====== GIVEN RECORDS

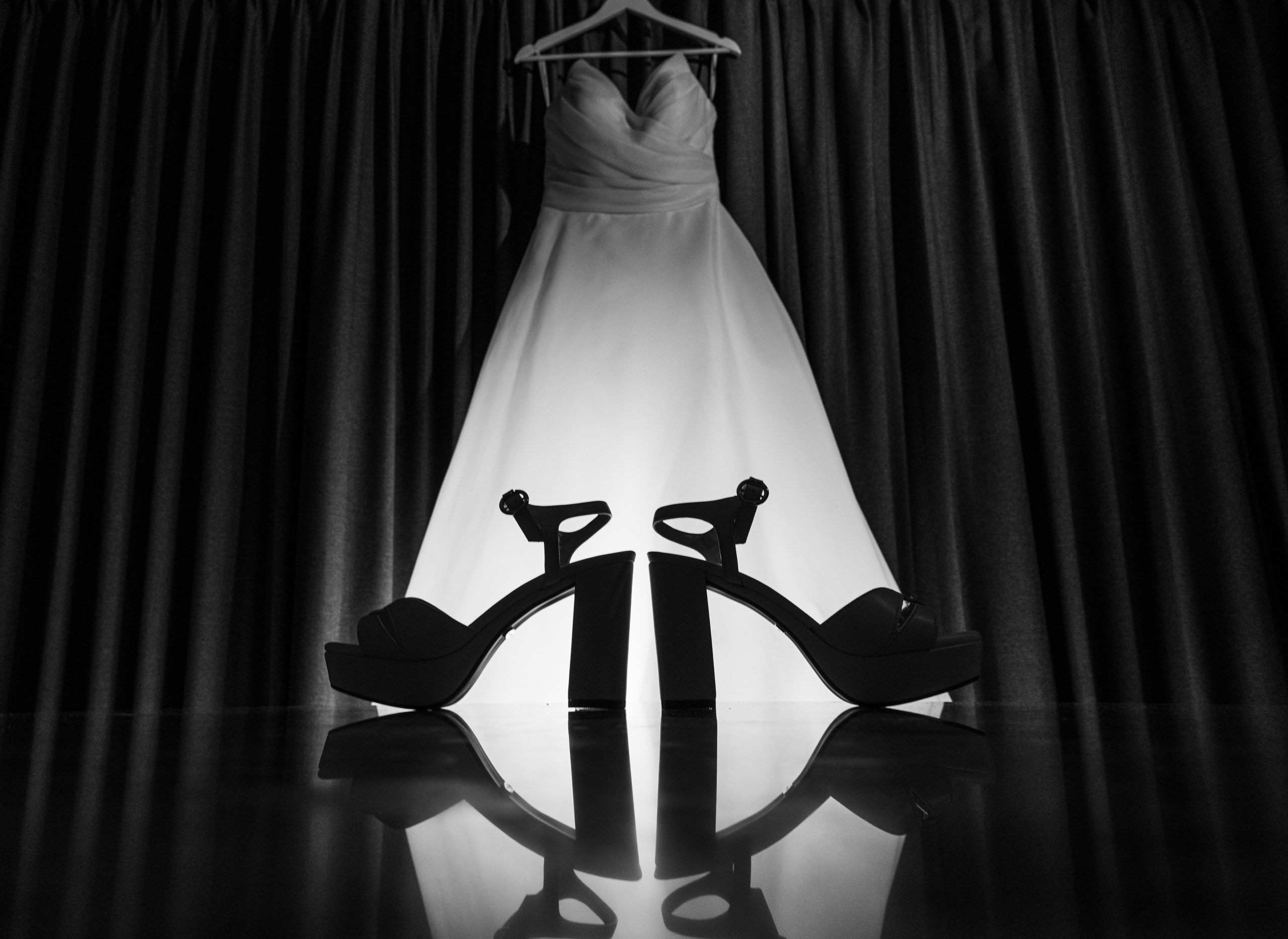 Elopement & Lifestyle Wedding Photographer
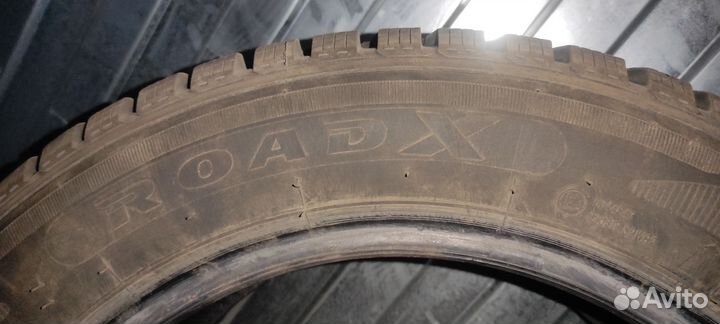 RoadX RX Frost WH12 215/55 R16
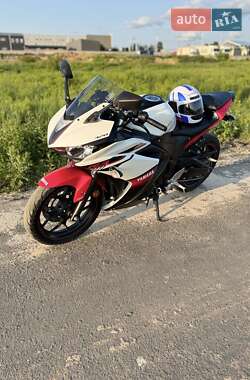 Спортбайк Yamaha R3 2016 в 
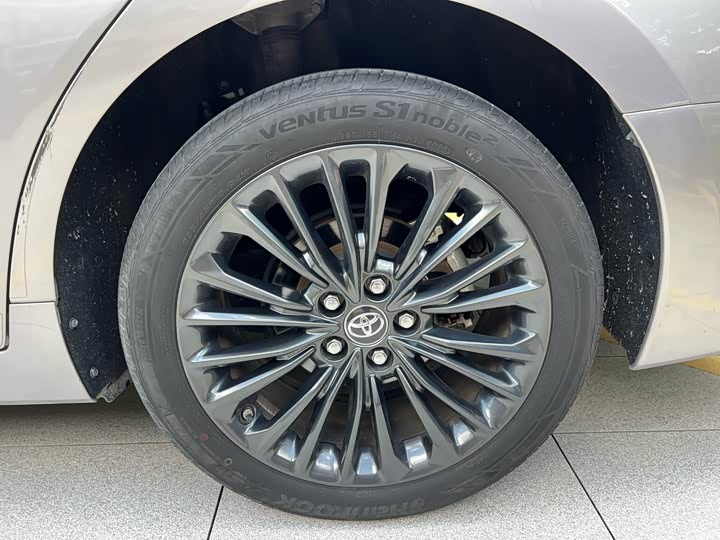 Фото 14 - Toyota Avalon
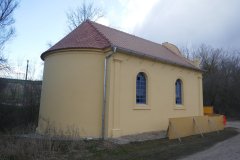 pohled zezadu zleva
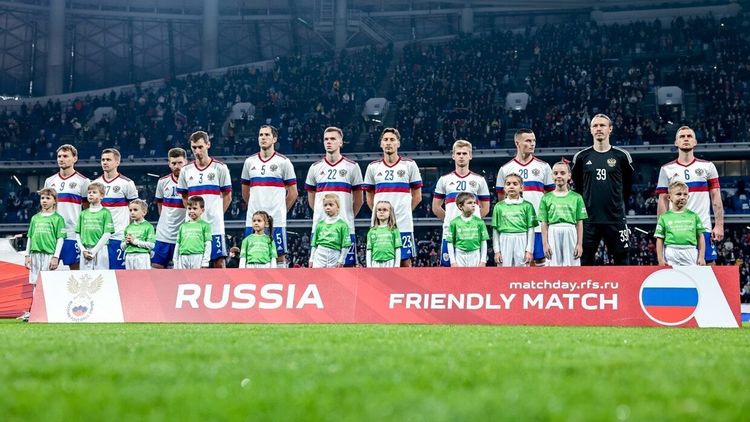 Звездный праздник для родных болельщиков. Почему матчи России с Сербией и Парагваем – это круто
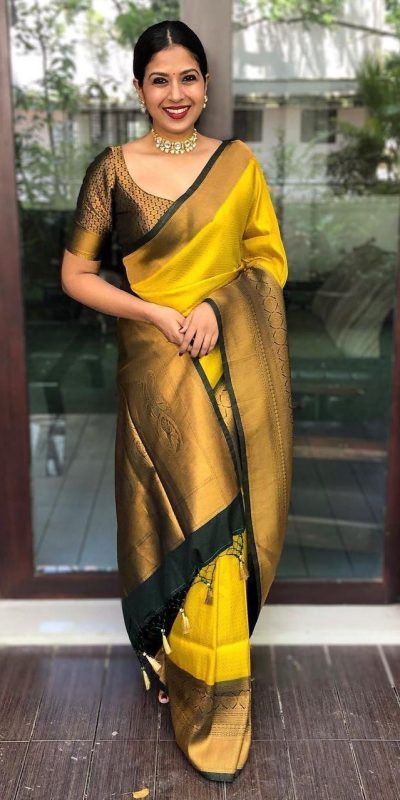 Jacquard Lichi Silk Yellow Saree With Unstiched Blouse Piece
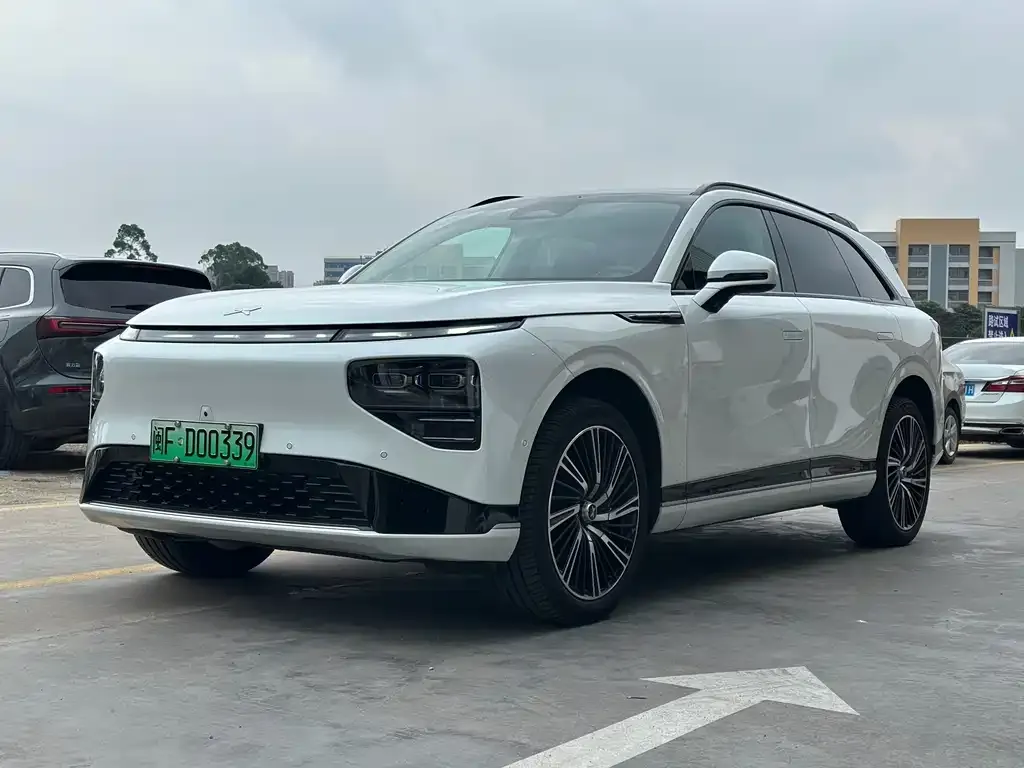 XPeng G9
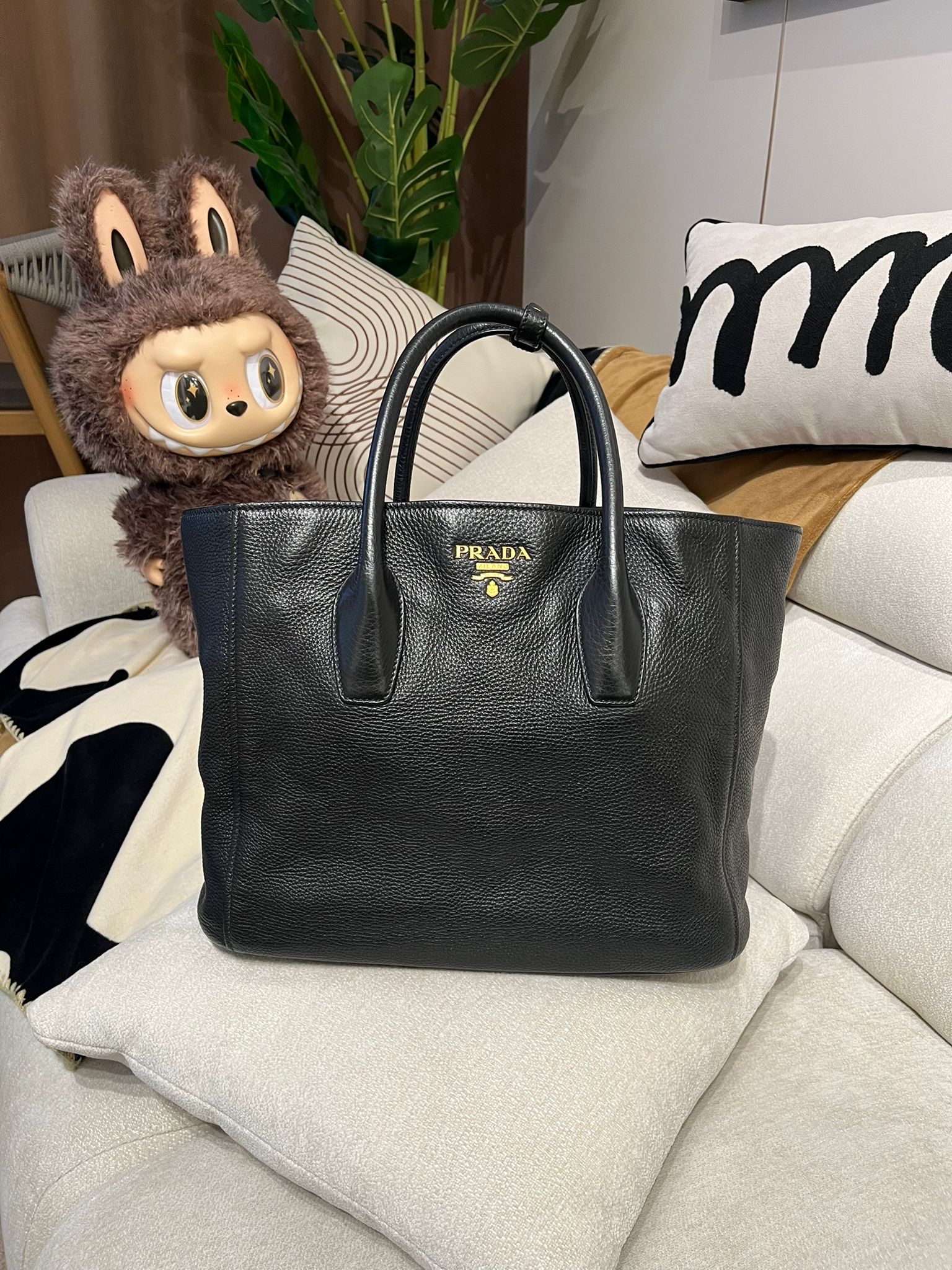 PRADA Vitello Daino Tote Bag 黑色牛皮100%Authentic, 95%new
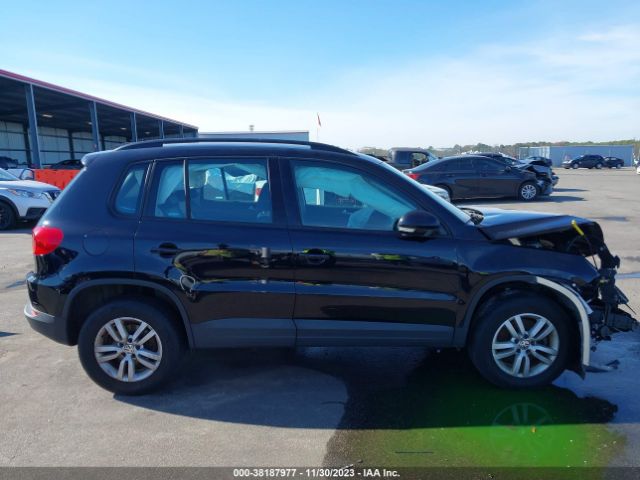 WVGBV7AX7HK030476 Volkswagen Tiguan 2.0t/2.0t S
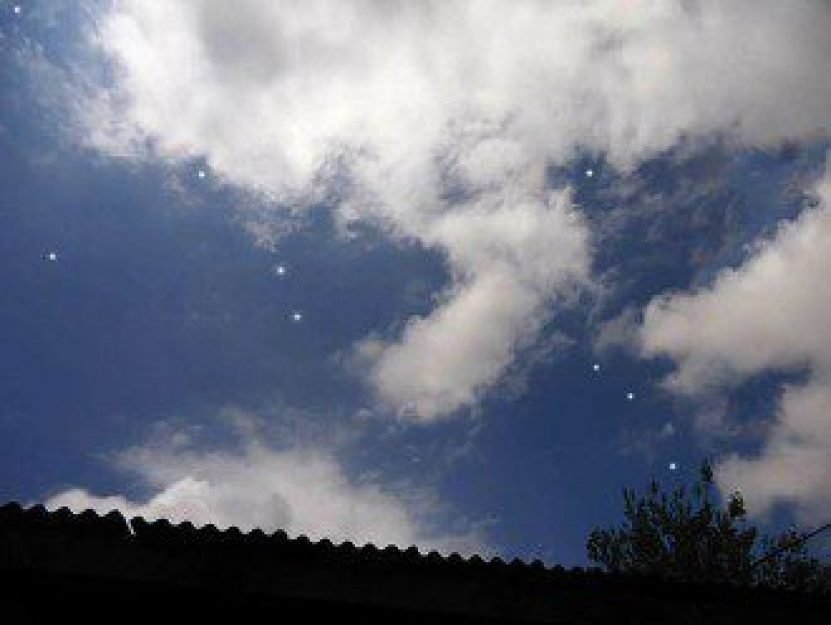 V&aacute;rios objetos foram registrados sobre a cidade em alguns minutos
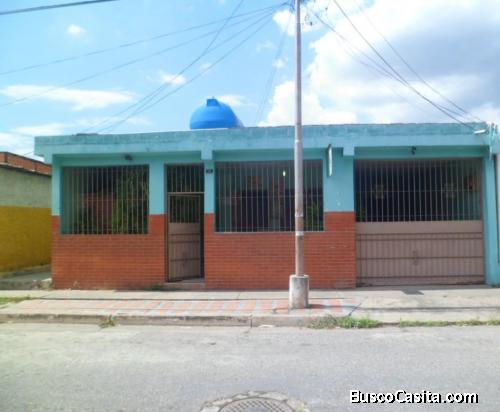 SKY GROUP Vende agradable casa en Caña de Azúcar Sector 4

============

#### GOAL OF THE EXERCISE
Reproduce the records in full, exactly as they appear, and show none of the pictures.

#### ANSWER FOR THIS EXERCISE
 Elopement & Lifestyle Wedding Photographer
 RoadX RX Frost WH12 215/55 R16
 Спортбайк Yamaha R3 2016 в 
 Фото 14 - Toyota Avalon
 pohled zezadu zleva
 Звездный праздник для родных болельщиков. Почему матчи России с Сербией и Парагваем – это круто
 Jacquard Lichi Silk Yellow Saree With Unstiched Blouse Piece
 XPeng G9
 PRADA Vitello Daino Tote Bag 黑色牛皮100%Authentic, 95%new
 WVGBV7AX7HK030476 Volkswagen Tiguan 2.0t/2.0t S
 V&aacute;rios objetos foram registrados sobre a cidade em alguns minutos
 SKY GROUP Vende agradable casa en Caña de Azúcar Sector 4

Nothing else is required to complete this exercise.